[Saved entries]
=== Begin Enclosure ===

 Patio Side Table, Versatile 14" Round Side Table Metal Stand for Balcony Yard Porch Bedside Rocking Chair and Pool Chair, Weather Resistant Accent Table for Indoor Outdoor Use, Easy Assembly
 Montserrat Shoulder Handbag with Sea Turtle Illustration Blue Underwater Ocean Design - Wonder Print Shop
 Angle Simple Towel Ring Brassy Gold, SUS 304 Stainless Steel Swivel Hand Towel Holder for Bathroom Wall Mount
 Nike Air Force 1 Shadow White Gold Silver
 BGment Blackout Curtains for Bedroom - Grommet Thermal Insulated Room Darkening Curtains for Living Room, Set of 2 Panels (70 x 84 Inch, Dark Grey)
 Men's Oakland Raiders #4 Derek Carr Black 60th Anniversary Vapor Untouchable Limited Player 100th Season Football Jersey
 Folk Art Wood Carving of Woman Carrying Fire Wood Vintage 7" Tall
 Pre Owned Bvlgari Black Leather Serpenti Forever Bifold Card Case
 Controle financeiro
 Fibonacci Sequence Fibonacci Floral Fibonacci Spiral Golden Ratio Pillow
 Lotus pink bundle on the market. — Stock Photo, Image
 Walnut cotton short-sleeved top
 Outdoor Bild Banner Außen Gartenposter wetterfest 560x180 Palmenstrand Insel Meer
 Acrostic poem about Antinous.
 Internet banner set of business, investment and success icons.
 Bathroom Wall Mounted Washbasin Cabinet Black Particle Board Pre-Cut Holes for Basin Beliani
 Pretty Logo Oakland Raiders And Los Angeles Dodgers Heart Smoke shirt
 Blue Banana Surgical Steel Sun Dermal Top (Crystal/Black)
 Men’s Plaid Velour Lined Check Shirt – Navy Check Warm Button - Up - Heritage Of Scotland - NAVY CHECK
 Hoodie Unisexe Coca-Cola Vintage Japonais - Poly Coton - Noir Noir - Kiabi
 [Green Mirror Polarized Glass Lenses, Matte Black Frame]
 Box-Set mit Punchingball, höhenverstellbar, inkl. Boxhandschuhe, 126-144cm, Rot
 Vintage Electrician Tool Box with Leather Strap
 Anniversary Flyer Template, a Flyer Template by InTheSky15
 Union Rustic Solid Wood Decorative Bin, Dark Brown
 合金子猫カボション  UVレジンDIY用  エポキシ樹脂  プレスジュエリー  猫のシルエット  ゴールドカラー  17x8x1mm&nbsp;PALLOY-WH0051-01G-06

=== End Enclosure ===

(WHAT IS BEING ASKED)
Give the data again, exactly as it appears above.

(RESPONSE)
 Patio Side Table, Versatile 14" Round Side Table Metal Stand for Balcony Yard Porch Bedside Rocking Chair and Pool Chair, Weather Resistant Accent Table for Indoor Outdoor Use, Easy Assembly
 Montserrat Shoulder Handbag with Sea Turtle Illustration Blue Underwater Ocean Design - Wonder Print Shop
 Angle Simple Towel Ring Brassy Gold, SUS 304 Stainless Steel Swivel Hand Towel Holder for Bathroom Wall Mount
 Nike Air Force 1 Shadow White Gold Silver
 BGment Blackout Curtains for Bedroom - Grommet Thermal Insulated Room Darkening Curtains for Living Room, Set of 2 Panels (70 x 84 Inch, Dark Grey)
 Men's Oakland Raiders #4 Derek Carr Black 60th Anniversary Vapor Untouchable Limited Player 100th Season Football Jersey
 Folk Art Wood Carving of Woman Carrying Fire Wood Vintage 7" Tall
 Pre Owned Bvlgari Black Leather Serpenti Forever Bifold Card Case
 Controle financeiro
 Fibonacci Sequence Fibonacci Floral Fibonacci Spiral Golden Ratio Pillow
 Lotus pink bundle on the market. — Stock Photo, Image
 Walnut cotton short-sleeved top
 Outdoor Bild Banner Außen Gartenposter wetterfest 560x180 Palmenstrand Insel Meer
 Acrostic poem about Antinous.
 Internet banner set of business, investment and success icons.
 Bathroom Wall Mounted Washbasin Cabinet Black Particle Board Pre-Cut Holes for Basin Beliani
 Pretty Logo Oakland Raiders And Los Angeles Dodgers Heart Smoke shirt
 Blue Banana Surgical Steel Sun Dermal Top (Crystal/Black)
 Men’s Plaid Velour Lined Check Shirt – Navy Check Warm Button - Up - Heritage Of Scotland - NAVY CHECK
 Hoodie Unisexe Coca-Cola Vintage Japonais - Poly Coton - Noir Noir - Kiabi
 [Green Mirror Polarized Glass Lenses, Matte Black Frame]
 Box-Set mit Punchingball, höhenverstellbar, inkl. Boxhandschuhe, 126-144cm, Rot
 Vintage Electrician Tool Box with Leather Strap
 Anniversary Flyer Template, a Flyer Template by InTheSky15
 Union Rustic Solid Wood Decorative Bin, Dark Brown
 合金子猫カボション  UVレジンDIY用  エポキシ樹脂  プレスジュエリー  猫のシルエット  ゴールドカラー  17x8x1mm&nbsp;PALLOY-WH0051-01G-06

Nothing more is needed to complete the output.